At the hearing, the claimant’s own vehicle was deemed to be ‘profit earning chattel’, thus the need of his replacement vehicle was to ensure this position continued, therefore allowing him to maintain his income as a taxi-driver as he would have done had it not been for the incident. It was then ascertained that the total loss of profit the claimant would have earned in his own vehicle during the dates of credit hire would have been limited to £423.00.

It has to be noted the claimant was not able to rely on impecuniosity as the failed to comply with the court order to disclose the same. Her Honour Judge Wall continued to find that even in the event that the credit hire charges had been recoverable, the claimant would have been limited to the basic hire rates as disclosed by the defendant.

Following this judgment, the claimant appealed to the High Court on two grounds –

  1. The judge was wrong to limit the damages to what the profit would have been, and
  2. That the judge was wrong to accept the defendant’s evidence of basis hire rates.

Here, Mr Justice Pepperell made the judgment which provided guidance as to the correct principles which should be applied to the recoverability of credit hire charges in taxi cases.
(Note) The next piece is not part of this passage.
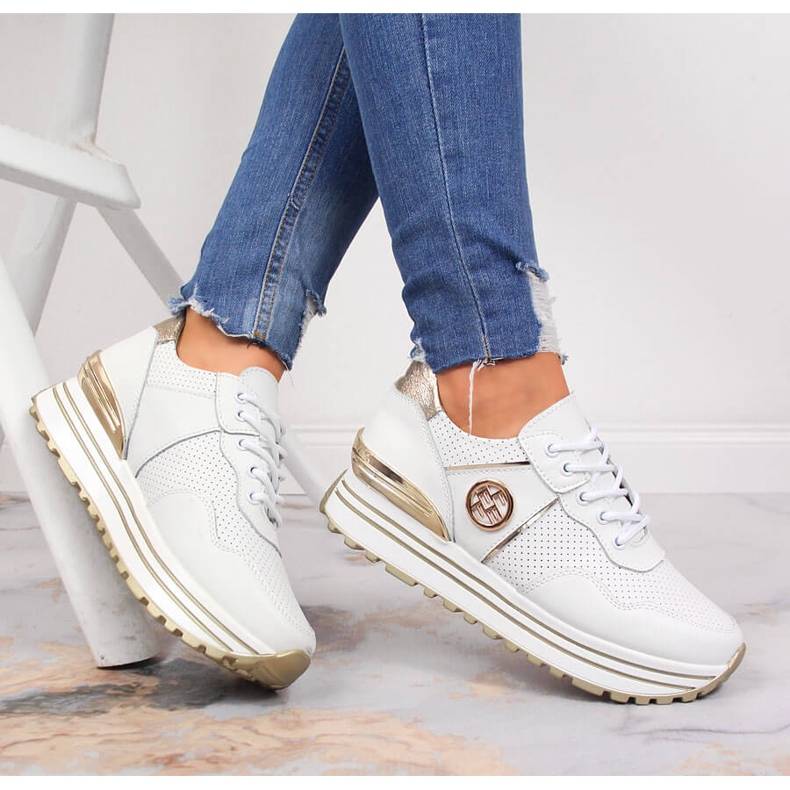 Women's leather sneakers on the white Filippo platform 1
Generally, the starting point when assessing such cases is the following, as per paragraph 16.5,

“Where the cost of hire significantly exceeds the avoided loss of profit, the court will ordinarily limit damages to the lost profit.”

This general starting point is however subject to three potential circumstances, which may deem the claimant to have acted reasonably in hiring even if the credit hire charges clearly exceed the loss of profit, thus validate the application pertaining to the recovery of the true credit hire invoice. These consist of –

  1. Where there is a “real risk of a greater loss”. This would be applicable in cases where the continuance of work would be adversely affected or the loss of important customers would be highly likely.

“For example, a chauffeur might not want to let down a regular client for fear of losing her. Equally; a self-employed taxi driver might risk being dropped by the taxi company that provides him with most of his work.”

  1. Where the claimant evidences that their vehicle was not only needed for business use, but also for social and domestic purposes.

“Where a claimant proves that they need a replacement vehicle for private and family use, they will be entitled to recover the cost of hire as any private motorist would be even if it is in excess of the loss of profit.”

  1. Where the claimant has proven their impecunious financial state.

“It might be reasonable to hire a replacement in circumstances where the driver simply could not afford to be out of work. Impecunious self-employed claimants cannot be expected to be left without any income.”

In the case of Hussain v EUI [2019] EWHC 2647 (QB), none of these circumstances applied. Accordingly, the High Court upheld the decision of Her Honour Judge Wall and thereby restricted the claimant’s recovery to loss of profit and dismissed the claimant’s appeal.

Clearly this case is in the favour for the defendants and brings further onus on the claimant to prove impecuniosity and need for a taxi credit hire vehicle. At Din Solicitors we have prepared ourselves to take the defendants insurers arguments based on this case law Hussain v EUI.  We have implemented strategies from the start of the claim and working along side the credit hire organisations we represent.